Roger Hicks
Veteran
The take-away here is this. Many feel that there are situations in which their own fear overrides law, or that it should.
We use words like 'courteous', 'reasonable', and 'decency' to describe the grace with which a photographer should willingly surrender their rights in favor of a parent's fear, but the end result is the same - the photographer should surrender their rights because the parent feels uncomfortable about the exercise of the freedom of expression rights in the presence of the parent's child.
That is, in my opinion, an unreasonable request. We talk about being rude in this thread - that to me is the first rude behavior taking place in our hypothetical scenario.
Dear Bill,
We diverge fractionally here.
I won't say I'm happy to give up my right to take pictures in a public place because of paranoid parents, but equally, I'm not happy to give it up because of paranoid socialists either.
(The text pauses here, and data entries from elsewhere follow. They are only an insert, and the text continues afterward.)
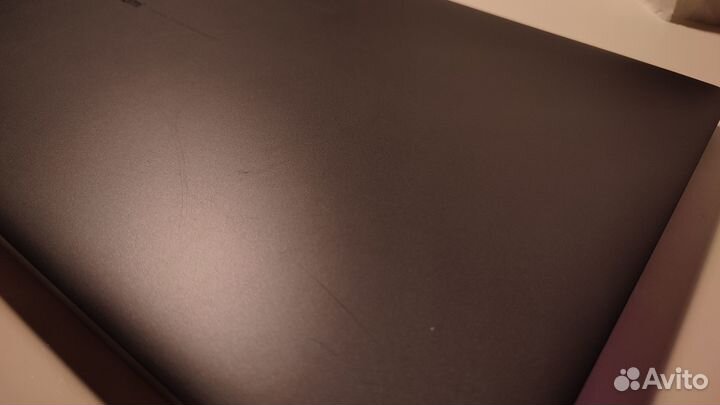 Ноутбук Xiaomi RedmiBook 15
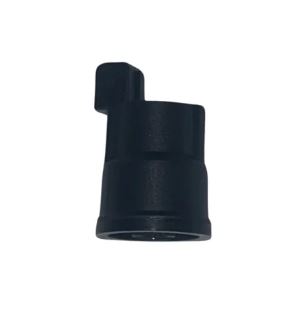CLOGGING SENSOR (Air Cleaner_120HP)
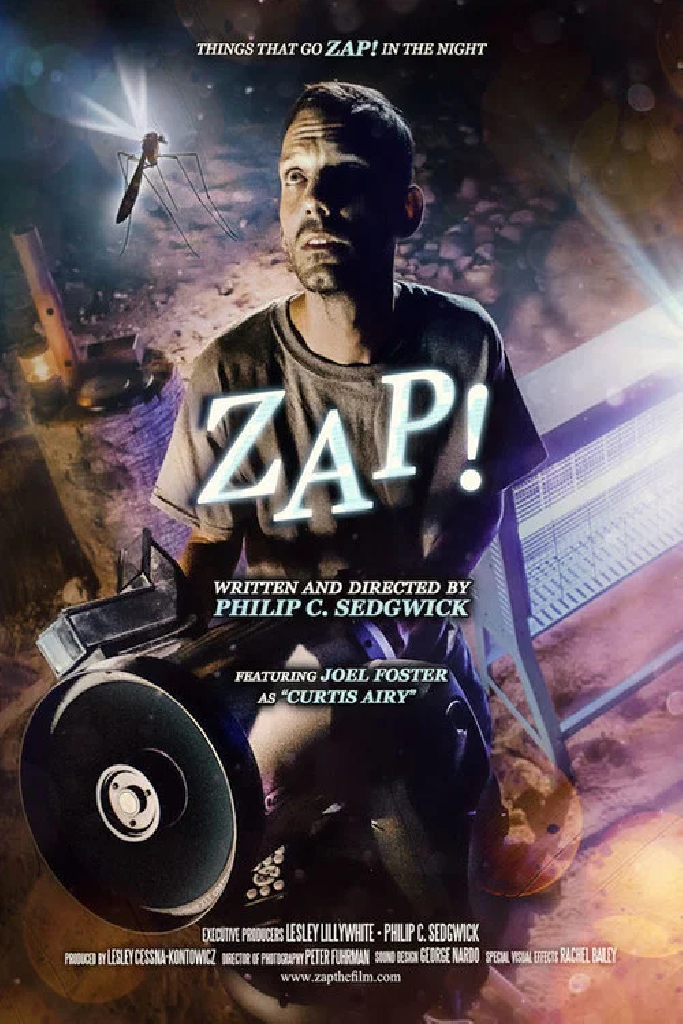 Zap!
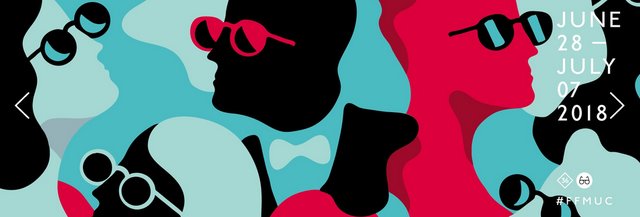 فیلم سد معبر,اخبار هنرمندان,خبرهای هنرمندان,جشنواره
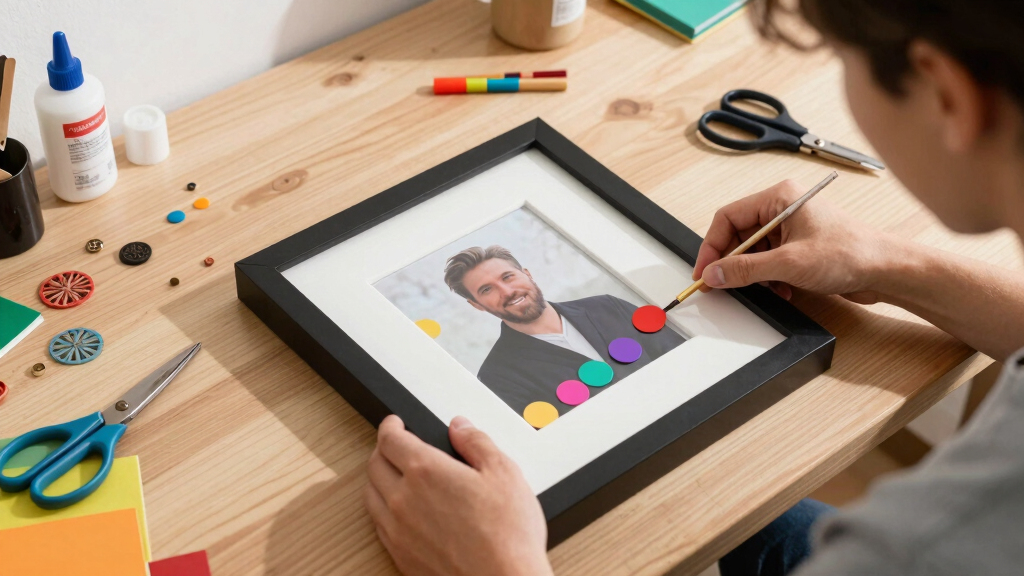 6 Best Father’s Day Gifts in 2026 — Thoughtful Options for Every Dad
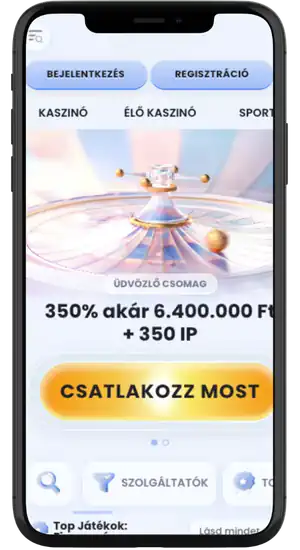 Chicken Road Valasszon egy platformot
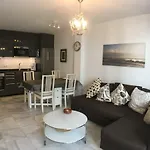 Rio Marina Apartment *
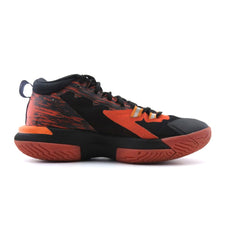 JORDAN ZION 1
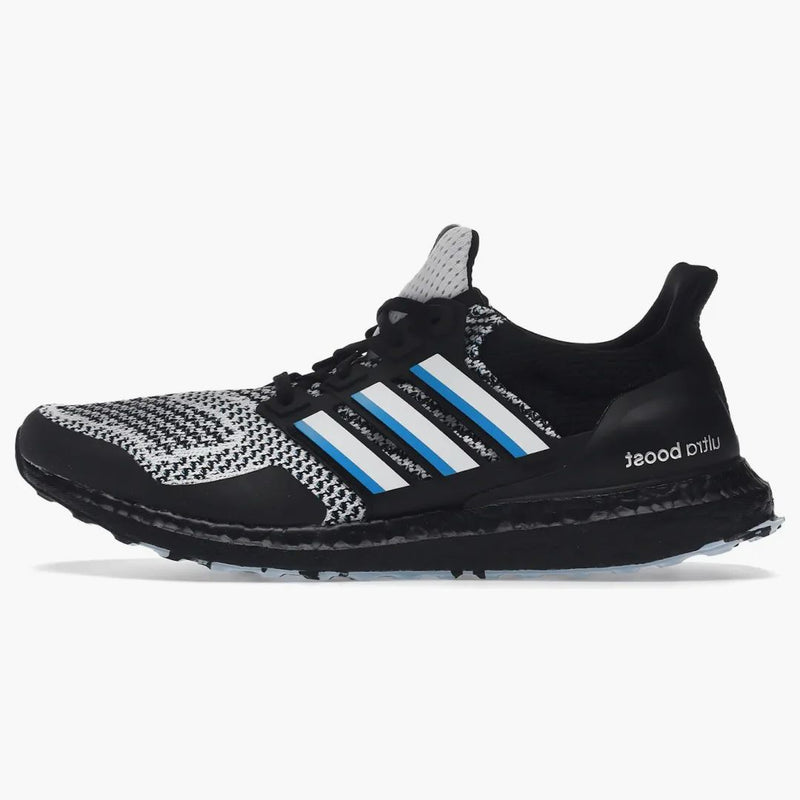 Adidas Ultra Boost 1.0 DNA the Mighty Ducks Hawks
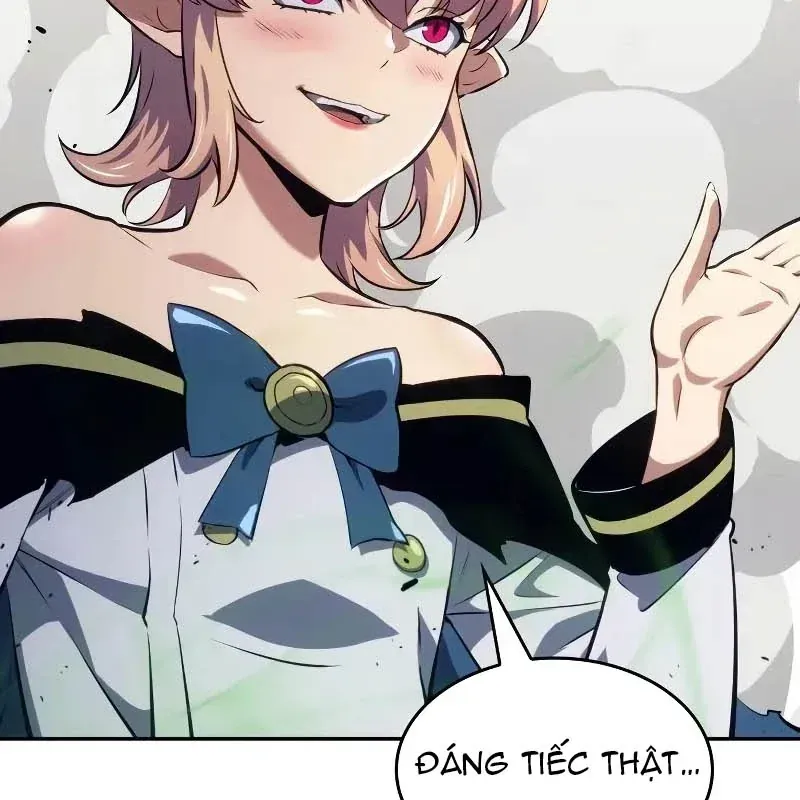 Chiến Binh Máu Lạnh Chapter 45 - 153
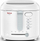 Fritezë Tefal FF 203130, 1500W, e bardhë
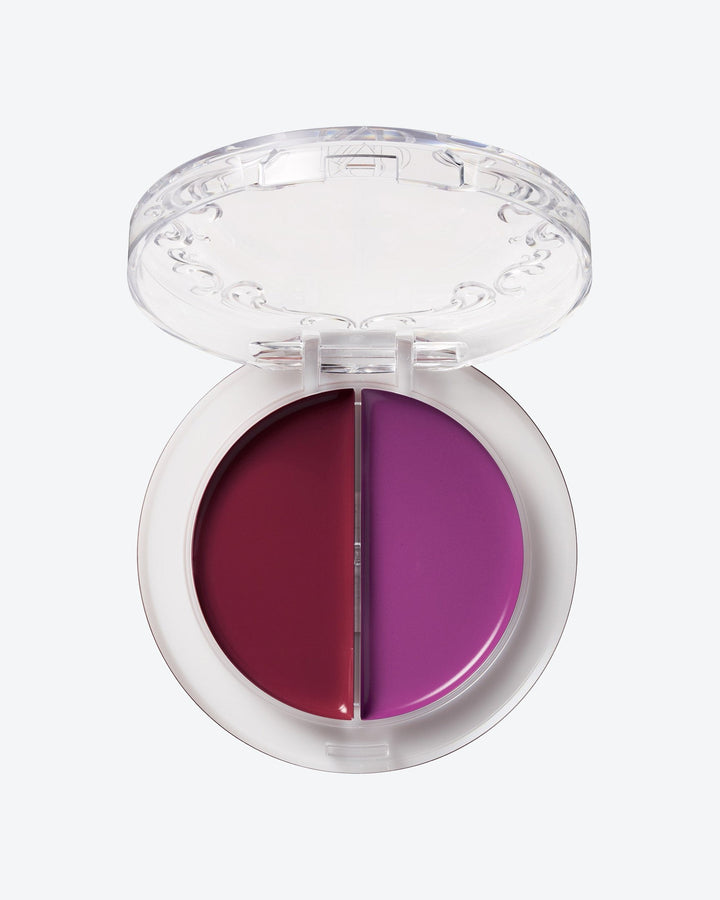 Good Apple Blush Balm Duo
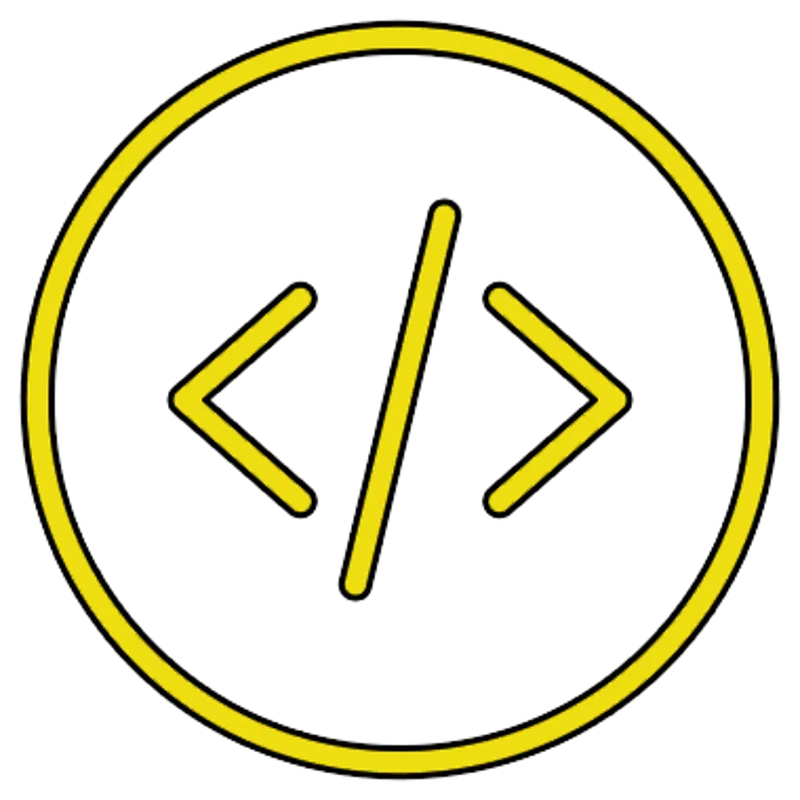 database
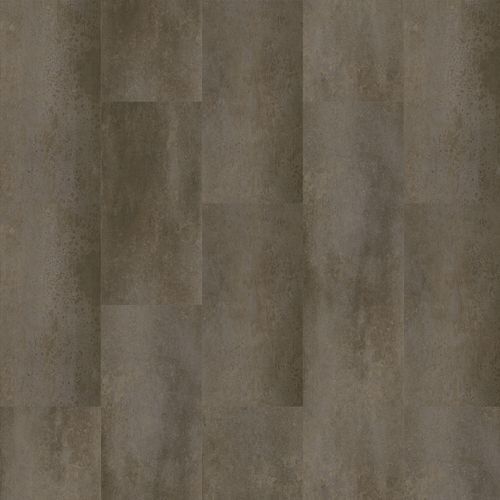 Картинка товара spc плитка adelar eterna 14874 catania  акция!!! 400087727 parketcity-ufa.ru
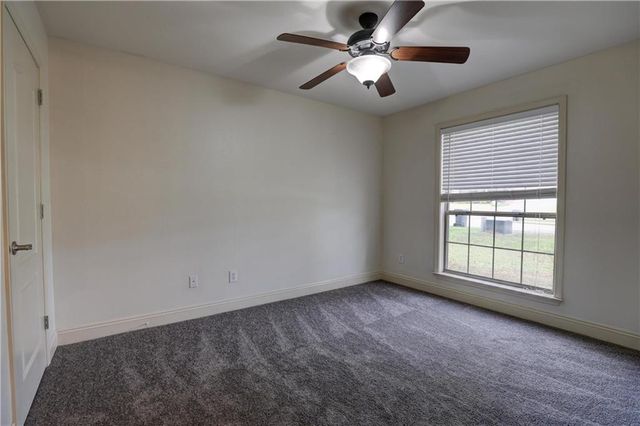 27908 Turkey Branch Drive, Daphne, AL 36526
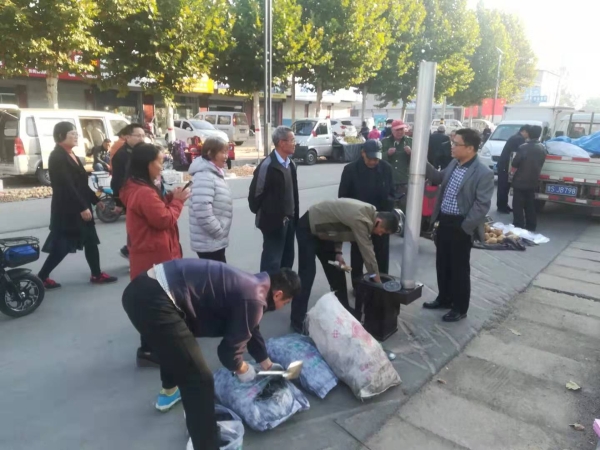 山东莱芜2020经济gdp_经受疫情考验全区经济逐月向好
Verbatim conversation:
Vendor of Socialist Worker newspaper, whose pic I had just taken: You have a right to ask my permission to take that picture!
Me: I chose not to exercise that right.
VoSWn: I don't know who you are!
Me: True.
In other words, I'm not going to ask permission first (at least, not usually) because I don't believe I need to, and I'm not going to go on shooting afterwards (at least, not usually) because I won't get good pictures -- unless, of course, the conversation has gone well (as it usually has) and no-one minds my shooting.
As you have repeatedly said, if you don't want your (or your children's) picture taken, don't go out in public (or take them out in public). If the first pic is 'reasonable behaviour', it doesn't mean (a) that the second is reasonable, at least in common decency, or (b) that the first isn't, in some curious retrospective manner.
A very great deal depends on how BOTH sides present themselves. I have never got into a fight over this, mostly (I believe) because I've always been polite and civil; but partly (I believe) because I never discount violence as a last resort, and this gives me a certain air of confidence.
Once, at university, my wife was stopped by a campus policemen who asked, "Excuse me, miss, are you carrying a CS spray?" She was a little flustered and replied, "Yes. I have a permit. Do you want to see it?" He said, "No, that's fine, it wasn't that. I had a bet with myself. You don't walk like a victim."
This is important: not walking like a victim. I have never instigated a physical fracas, but a couple of times I have ended them, because when I hit someone, all I want (in the words of an ex-Hell's Angel chum) is for them to stay down until I have legged it. Fight fair? No thanks. Anyone who starts a fight has only himself to blame if he gets hurt.
Taking pictures like a victim (or not) is the same sort of thing.